• **WHAT YOU SHOULD DO**
Output a character-exact copy of the data, images removed.

*** Opening EXERCISE DATA ***

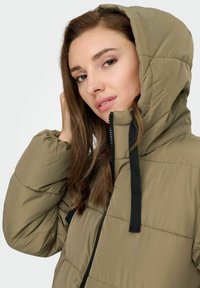 Maslinasto zeleni kaput s podstavom i kapuljačom, koji ima prednji patent zatvarač, crne izvlačne vrpce i kviltanu teksturu za izolaciju.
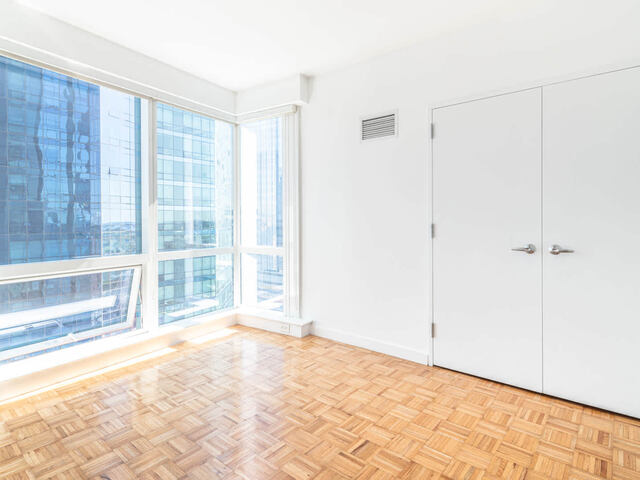 Bedroom with Floor-to-ceiling Windows and Hard Surface Flooring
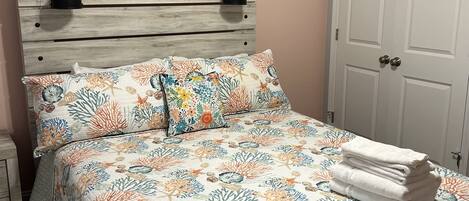 A bedroom with a bed, a nightstand, a wall-mounted lamp, and a door.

*** Closing EXERCISE DATA ***

• **EXERCISE SOLUTION**
 Maslinasto zeleni kaput s podstavom i kapuljačom, koji ima prednji patent zatvarač, crne izvlačne vrpce i kviltanu teksturu za izolaciju.
 Bedroom with Floor-to-ceiling Windows and Hard Surface Flooring
 A bedroom with a bed, a nightstand, a wall-mounted lamp, and a door.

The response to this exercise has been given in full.